### Exercise inputs ###

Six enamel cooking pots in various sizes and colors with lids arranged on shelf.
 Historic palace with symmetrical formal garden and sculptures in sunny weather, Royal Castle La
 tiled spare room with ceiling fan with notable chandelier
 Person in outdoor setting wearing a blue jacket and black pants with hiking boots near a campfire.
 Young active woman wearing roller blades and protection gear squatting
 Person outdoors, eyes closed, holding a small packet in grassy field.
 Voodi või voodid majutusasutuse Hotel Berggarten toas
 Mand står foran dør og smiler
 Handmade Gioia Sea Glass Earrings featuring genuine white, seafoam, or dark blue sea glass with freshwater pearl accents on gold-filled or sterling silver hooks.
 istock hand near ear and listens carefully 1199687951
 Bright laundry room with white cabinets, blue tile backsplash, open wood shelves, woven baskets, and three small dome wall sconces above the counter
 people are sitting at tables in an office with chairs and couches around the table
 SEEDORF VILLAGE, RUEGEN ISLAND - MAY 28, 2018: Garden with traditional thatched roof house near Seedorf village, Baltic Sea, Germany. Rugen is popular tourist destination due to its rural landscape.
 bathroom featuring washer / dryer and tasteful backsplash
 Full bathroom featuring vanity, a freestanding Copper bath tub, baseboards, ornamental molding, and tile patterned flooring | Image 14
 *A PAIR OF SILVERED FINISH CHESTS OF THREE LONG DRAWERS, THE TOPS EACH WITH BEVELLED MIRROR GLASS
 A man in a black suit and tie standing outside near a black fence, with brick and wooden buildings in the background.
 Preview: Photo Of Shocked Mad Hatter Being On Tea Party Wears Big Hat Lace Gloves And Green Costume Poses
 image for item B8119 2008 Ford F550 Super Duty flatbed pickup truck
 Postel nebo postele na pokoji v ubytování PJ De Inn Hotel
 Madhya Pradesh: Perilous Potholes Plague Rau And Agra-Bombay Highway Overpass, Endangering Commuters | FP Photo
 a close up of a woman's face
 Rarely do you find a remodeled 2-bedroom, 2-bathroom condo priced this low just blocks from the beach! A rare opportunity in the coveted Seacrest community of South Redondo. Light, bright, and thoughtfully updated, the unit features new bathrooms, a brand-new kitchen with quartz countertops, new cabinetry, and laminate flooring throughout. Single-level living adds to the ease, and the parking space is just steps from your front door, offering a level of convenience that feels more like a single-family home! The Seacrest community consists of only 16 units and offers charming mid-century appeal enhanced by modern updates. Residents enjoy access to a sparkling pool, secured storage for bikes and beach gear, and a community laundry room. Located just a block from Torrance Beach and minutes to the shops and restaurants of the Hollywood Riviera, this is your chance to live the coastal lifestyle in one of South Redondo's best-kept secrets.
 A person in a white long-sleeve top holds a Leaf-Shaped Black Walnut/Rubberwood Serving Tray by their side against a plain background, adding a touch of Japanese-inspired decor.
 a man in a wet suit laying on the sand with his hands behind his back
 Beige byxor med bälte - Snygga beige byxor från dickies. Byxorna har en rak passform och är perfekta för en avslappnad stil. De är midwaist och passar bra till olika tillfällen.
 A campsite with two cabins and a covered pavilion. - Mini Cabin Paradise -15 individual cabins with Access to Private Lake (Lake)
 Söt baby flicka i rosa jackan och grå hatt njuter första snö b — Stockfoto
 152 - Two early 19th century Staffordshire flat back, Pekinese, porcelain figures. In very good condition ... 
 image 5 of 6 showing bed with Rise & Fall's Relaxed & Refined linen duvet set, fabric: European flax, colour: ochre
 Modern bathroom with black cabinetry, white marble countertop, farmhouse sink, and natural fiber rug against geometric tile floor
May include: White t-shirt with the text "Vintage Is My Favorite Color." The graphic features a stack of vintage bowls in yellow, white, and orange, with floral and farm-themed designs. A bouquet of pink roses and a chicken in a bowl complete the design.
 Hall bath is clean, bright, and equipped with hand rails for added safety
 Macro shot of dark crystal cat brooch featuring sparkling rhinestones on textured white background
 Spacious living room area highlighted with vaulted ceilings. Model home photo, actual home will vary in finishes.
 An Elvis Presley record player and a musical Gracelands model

###

[Instructions to follow] Retype only the lines above between the line with "bathroom featuring washer" and the line with "a close up of a woman's face", counting those two lines as well, and keep every character as it is.

[Worked solution]
 bathroom featuring washer / dryer and tasteful backsplash
 Full bathroom featuring vanity, a freestanding Copper bath tub, baseboards, ornamental molding, and tile patterned flooring | Image 14
 *A PAIR OF SILVERED FINISH CHESTS OF THREE LONG DRAWERS, THE TOPS EACH WITH BEVELLED MIRROR GLASS
 A man in a black suit and tie standing outside near a black fence, with brick and wooden buildings in the background.
 Preview: Photo Of Shocked Mad Hatter Being On Tea Party Wears Big Hat Lace Gloves And Green Costume Poses
 image for item B8119 2008 Ford F550 Super Duty flatbed pickup truck
 Postel nebo postele na pokoji v ubytování PJ De Inn Hotel
 Madhya Pradesh: Perilous Potholes Plague Rau And Agra-Bombay Highway Overpass, Endangering Commuters | FP Photo
 a close up of a woman's face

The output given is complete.